Altrimenti il castigo sarebbe vano e infruttuoso, mentre invece Domineddio e’ addirittura capace di ricavare sempre il bene dal male.
Ad maiora Alessandro e sursum corda!
Altro che pessimismo: questa è la fotografia della realtà. La speranza non ci deve mai abbandonare, ma neanche la lucidità.
L’incipit dell’articolo descrive una realtà che quasi nessuno vuol conoscere o esorcizza con le manifestazioni dai balconi, le bandiere arcobaleno. Quando si ha paura per esorcizzarla ci si autoconvince che tutto andrà bene, ma su quale base e in quali tempi?

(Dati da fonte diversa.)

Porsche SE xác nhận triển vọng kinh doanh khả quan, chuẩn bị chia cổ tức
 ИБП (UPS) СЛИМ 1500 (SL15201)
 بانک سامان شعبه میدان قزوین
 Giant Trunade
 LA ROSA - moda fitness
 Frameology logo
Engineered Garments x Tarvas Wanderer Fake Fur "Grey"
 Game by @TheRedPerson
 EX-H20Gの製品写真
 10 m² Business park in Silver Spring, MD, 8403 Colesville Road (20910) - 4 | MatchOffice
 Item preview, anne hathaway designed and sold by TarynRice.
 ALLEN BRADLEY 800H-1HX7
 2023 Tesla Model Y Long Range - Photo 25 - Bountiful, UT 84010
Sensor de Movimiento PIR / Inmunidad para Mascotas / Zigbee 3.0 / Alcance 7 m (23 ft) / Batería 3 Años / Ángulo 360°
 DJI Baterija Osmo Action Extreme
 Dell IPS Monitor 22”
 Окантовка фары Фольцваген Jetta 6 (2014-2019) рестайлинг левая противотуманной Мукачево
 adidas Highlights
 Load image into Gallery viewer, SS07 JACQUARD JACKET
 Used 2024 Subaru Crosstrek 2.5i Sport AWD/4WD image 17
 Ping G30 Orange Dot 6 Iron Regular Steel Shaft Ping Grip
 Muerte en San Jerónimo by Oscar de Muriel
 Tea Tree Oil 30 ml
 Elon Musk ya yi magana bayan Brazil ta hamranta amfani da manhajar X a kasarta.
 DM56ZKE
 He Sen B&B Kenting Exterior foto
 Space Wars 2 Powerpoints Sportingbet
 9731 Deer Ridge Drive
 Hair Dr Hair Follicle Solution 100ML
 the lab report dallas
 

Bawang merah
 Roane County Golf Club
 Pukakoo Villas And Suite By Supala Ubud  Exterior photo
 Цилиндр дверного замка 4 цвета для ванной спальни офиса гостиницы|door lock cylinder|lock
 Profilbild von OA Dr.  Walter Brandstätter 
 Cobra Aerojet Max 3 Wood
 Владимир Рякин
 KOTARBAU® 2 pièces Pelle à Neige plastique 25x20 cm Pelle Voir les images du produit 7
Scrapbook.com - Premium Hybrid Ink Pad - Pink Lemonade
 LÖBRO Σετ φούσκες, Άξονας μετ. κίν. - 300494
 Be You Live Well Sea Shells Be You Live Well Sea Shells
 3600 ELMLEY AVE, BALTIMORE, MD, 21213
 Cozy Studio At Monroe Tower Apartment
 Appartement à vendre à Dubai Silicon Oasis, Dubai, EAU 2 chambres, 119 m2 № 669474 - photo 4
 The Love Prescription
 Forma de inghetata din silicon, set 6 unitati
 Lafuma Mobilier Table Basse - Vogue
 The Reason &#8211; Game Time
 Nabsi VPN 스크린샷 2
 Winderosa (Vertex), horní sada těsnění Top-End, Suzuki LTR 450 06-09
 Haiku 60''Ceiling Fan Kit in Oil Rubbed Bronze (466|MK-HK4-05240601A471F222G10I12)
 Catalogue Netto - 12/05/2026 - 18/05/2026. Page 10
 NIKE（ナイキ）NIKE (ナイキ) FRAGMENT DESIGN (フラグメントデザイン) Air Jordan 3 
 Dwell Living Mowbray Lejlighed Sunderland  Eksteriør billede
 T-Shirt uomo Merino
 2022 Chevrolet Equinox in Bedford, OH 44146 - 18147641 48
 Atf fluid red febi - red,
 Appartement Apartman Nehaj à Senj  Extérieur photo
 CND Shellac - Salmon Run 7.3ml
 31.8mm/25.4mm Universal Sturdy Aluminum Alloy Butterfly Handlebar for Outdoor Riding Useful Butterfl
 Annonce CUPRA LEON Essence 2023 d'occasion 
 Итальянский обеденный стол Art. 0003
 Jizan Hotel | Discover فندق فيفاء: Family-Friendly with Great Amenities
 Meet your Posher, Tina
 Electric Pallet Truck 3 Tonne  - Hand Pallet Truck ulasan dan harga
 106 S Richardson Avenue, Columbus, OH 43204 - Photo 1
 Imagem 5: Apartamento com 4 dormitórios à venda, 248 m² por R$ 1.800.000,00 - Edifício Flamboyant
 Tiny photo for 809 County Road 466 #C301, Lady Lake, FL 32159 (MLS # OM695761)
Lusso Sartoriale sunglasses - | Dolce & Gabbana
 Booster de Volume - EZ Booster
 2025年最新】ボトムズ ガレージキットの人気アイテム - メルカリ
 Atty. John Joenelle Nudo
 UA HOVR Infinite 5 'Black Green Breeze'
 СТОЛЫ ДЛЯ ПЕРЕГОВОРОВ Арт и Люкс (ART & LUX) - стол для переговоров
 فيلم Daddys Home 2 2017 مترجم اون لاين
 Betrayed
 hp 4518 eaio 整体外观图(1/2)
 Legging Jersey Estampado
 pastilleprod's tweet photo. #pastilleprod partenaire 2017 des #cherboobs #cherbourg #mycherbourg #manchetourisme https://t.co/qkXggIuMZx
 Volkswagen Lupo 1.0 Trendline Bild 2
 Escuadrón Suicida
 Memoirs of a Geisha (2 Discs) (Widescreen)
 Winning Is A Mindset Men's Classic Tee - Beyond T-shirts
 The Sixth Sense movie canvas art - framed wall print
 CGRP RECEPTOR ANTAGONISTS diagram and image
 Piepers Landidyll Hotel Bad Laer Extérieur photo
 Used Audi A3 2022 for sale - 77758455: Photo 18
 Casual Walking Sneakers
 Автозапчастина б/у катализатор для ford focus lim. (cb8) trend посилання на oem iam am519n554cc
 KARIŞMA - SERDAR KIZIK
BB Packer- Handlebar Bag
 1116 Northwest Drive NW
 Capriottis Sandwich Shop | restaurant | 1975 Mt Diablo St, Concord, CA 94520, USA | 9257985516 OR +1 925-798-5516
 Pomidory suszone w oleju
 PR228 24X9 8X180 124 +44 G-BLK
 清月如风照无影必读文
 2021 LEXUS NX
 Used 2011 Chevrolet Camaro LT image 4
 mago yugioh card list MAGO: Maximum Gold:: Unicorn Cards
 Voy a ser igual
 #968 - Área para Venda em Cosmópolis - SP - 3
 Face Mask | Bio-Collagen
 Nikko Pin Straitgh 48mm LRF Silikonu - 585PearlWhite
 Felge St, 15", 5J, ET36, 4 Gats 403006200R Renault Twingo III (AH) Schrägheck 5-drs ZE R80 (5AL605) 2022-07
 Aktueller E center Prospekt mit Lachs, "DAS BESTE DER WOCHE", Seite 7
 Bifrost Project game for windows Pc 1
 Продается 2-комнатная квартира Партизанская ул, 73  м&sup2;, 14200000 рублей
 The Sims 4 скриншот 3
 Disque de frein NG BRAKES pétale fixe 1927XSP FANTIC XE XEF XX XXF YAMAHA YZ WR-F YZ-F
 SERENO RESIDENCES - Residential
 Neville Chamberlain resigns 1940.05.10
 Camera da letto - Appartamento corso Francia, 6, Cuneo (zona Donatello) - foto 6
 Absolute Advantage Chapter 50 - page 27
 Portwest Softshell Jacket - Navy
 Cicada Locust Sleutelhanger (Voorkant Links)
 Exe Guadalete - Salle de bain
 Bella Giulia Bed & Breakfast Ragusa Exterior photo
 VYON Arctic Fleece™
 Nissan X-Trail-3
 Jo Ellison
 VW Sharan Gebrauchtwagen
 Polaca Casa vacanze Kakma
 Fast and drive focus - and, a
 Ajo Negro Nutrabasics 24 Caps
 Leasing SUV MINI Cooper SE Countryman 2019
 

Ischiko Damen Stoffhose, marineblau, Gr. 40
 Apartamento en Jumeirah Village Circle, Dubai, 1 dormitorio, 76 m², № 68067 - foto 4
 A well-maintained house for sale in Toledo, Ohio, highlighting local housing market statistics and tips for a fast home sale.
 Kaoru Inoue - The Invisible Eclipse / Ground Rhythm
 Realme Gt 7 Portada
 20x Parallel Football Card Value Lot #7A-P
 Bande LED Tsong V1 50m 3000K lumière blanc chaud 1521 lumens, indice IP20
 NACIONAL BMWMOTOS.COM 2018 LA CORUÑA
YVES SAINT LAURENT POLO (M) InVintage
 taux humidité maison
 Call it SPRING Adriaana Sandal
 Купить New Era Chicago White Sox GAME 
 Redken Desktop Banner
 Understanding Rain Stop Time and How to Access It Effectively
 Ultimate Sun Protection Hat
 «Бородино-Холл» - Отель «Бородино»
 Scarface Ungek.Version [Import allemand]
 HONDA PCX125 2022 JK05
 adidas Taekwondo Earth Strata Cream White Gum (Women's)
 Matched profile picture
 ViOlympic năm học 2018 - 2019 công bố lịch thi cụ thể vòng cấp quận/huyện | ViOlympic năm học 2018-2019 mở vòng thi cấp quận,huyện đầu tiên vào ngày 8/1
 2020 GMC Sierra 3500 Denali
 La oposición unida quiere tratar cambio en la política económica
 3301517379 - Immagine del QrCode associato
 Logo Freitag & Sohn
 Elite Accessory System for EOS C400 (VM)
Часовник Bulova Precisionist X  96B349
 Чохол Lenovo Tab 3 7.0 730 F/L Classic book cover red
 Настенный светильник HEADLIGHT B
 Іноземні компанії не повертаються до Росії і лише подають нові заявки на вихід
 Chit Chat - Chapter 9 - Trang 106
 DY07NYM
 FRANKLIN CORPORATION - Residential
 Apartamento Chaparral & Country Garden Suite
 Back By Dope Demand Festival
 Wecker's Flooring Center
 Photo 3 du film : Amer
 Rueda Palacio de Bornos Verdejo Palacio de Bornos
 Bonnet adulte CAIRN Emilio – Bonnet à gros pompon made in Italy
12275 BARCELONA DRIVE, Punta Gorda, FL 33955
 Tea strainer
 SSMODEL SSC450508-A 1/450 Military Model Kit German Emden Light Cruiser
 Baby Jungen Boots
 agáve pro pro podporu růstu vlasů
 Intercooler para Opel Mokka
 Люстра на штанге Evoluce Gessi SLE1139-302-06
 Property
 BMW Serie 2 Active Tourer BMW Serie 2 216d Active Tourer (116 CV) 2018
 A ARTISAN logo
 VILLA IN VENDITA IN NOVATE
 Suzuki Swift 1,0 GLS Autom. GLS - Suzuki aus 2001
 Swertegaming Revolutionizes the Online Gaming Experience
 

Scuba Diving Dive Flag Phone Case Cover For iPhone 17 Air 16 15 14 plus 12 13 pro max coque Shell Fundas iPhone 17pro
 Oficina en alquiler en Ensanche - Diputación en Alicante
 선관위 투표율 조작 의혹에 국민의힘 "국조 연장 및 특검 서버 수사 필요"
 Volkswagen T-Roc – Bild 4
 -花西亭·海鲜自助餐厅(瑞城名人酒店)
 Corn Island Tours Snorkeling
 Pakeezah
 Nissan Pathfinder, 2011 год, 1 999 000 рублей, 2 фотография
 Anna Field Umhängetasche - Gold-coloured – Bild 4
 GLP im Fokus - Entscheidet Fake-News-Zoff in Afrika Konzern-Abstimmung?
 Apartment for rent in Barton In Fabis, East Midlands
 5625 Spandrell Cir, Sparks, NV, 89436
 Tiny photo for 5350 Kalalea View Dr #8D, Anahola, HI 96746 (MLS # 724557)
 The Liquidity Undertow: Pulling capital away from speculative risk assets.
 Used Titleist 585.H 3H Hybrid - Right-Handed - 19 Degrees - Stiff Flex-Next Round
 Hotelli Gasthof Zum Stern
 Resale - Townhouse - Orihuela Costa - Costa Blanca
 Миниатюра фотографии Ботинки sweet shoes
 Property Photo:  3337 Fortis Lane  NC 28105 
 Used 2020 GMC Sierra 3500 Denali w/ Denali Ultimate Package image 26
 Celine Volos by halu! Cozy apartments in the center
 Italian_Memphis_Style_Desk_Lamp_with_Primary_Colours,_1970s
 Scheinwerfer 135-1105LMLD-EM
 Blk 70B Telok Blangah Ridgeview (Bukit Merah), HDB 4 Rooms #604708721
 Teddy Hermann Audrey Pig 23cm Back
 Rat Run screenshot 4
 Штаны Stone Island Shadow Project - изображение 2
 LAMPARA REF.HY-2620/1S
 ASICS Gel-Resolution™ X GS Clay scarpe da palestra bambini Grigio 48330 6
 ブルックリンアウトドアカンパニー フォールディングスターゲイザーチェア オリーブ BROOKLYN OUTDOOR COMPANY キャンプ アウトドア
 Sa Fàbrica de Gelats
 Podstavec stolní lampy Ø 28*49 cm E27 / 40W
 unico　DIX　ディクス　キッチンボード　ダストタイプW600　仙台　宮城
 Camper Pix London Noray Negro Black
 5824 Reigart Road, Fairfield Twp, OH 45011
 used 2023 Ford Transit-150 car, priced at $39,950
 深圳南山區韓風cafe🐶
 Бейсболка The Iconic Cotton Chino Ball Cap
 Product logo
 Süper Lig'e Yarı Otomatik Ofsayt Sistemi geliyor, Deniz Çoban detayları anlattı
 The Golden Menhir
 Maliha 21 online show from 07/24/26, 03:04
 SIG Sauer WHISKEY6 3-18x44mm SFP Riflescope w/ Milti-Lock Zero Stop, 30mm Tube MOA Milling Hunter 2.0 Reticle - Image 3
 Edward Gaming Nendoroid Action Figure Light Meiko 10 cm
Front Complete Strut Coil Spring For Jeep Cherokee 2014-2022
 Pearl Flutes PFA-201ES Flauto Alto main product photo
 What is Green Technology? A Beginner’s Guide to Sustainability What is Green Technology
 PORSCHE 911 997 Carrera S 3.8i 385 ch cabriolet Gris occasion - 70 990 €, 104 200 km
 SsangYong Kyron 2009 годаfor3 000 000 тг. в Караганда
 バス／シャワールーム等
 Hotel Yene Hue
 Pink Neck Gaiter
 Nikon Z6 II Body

E quando si arriva alle prove generali di stato di polizia la gente si adegua perchè lo stato, moloch per eccellenza, ‘pensa alla mia salute’. Lo scenario che prefiguro non è consolante ma ancor meno consolante è, che neppure in questi frangenti, ci si affidi a Dio, si preghi, si entri nelle chiese. Ieri pomeriggio in una basilica di Milano dalle 17 alle 18 c’erano tre persone per la Via Crucis: io, mia moglie e una suora… E siamo riusciti a percorrere indenni (…) il percorso di 300 metri dalla casa alla chiesa senza avere un cane al guinzaglio… Confidiamo che il Signore ci preservi dalle delazioni…
“Introduce per via normativa lo straordinario che, fatalmente, diventerà ordinario portandosi via il poco che resta di fede e di morale, oltre che di buonsenso”. Complimenti all’autore che con questo passaggio mostra quale è il problema. Orami questo è l’andazzo della chiesa, trasformare esperimenti mal riusciti (ma persino sin troppo bene per i sovversivi) in nuove norme consolidate dalla pratica.
Poche ma sentite parole: Guareschi è sempre Guareschi. Questa sì che è roba che fa bene all’anima.